Monday, December 10, 2007
FTSE hit by banking sector losses
London equities fell on Monday after news of a £200m writedown at Lloyds TSB added to fresh fears about the impact of troubled credit markets on the banking sector. Surprise news of $10bn losses at Swiss bank UBS gave the fears further impetus. The FTSE 100 started the session 0.3 per cent lower at 6,538.1, a loss of 17 points largely accounted for by banks. The mid-cap FTSE 250 fell 0.1 per cent to 10,618.1. Although Lloyds TSB stood by its existing profit guidance for 2007, saying profits on the disposal of non-core businesses balanced credit market losses, news of the £200m writedown added to a sense of gloom in the sector. Shares in the company fell 1 per cent to 483½p and there were wider losses for banks as UBS’s shock move damaged sentiment.

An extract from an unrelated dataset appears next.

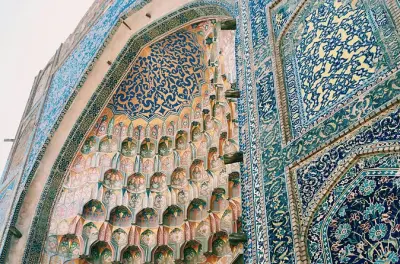 De Samarcanda a Bukhara: 13 locais históricos e traslado premium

Barclays fell 1.4 per cent to 558p, Royal Bank of Scotland fell 1.4 per cent to 476.8 and HSBC lost 1.1 per cent to 849p. Worries that UBS’s move, including an $11.5bn injection of emergency capital from the Singapore government’s investment vehicle and an unnamed middle eastern investor, signalled continuing credit market turbulence into the medium term hit Northern Rock. Shares in the stricken Newcastle-based bank, still dependent on emergency credit from the Bank of England as it considers several rescue bids, fell 6.9 per cent to 103p, the biggest losing margin on the FTSE 100. Overall losses were kept in check by lingering strength in the mining sector on growing hopes for a wave of bid activity in the sector. Kazakhmys, the eastern European copper processor, rose 2.1 per cent to £13.89 and Xstrata rose 1.9 per cent to £37.21.